▶ _Task goal_: The answer is to be the lines below that lie between the line holding "Apple style 3D" and the line holding "Twisted skyscraper made", inclusive, transcribed exactly and free of pictures.

▶ _Data shown_:
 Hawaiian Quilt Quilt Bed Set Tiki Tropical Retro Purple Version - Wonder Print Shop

==

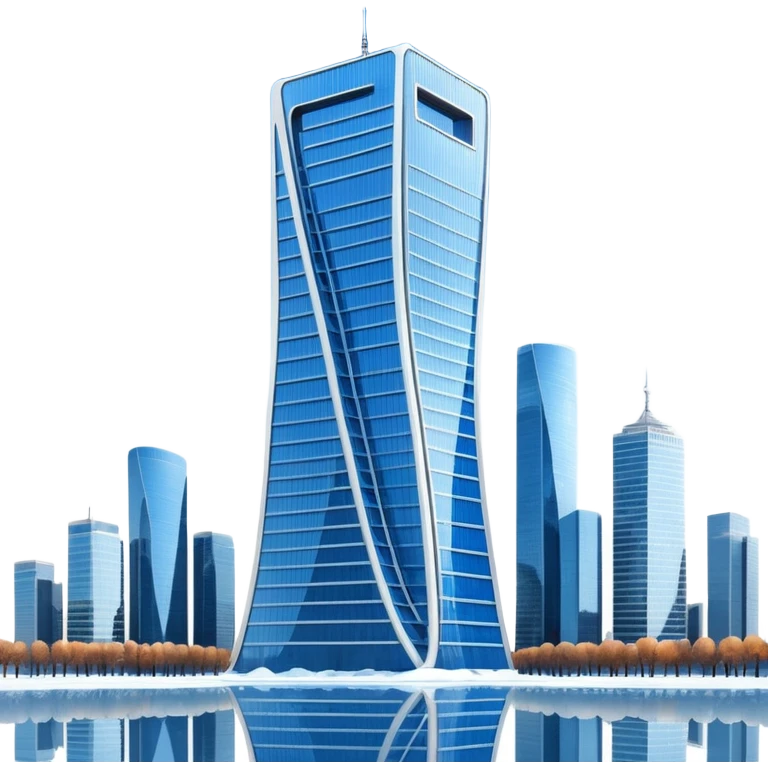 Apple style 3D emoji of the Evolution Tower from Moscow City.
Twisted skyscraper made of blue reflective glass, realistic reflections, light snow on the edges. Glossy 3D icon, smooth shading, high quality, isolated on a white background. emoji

==

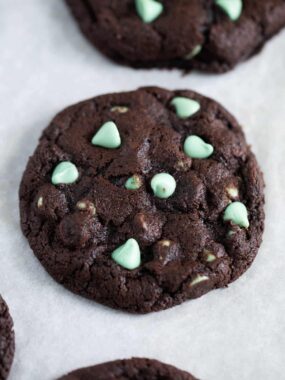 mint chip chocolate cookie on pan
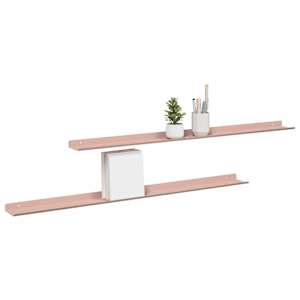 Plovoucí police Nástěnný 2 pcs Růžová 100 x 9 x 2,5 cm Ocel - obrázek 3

▶ _Response area_:
 Apple style 3D emoji of the Evolution Tower from Moscow City.
Twisted skyscraper made of blue reflective glass, realistic reflections, light snow on the edges. Glossy 3D icon, smooth shading, high quality, isolated on a white background. emoji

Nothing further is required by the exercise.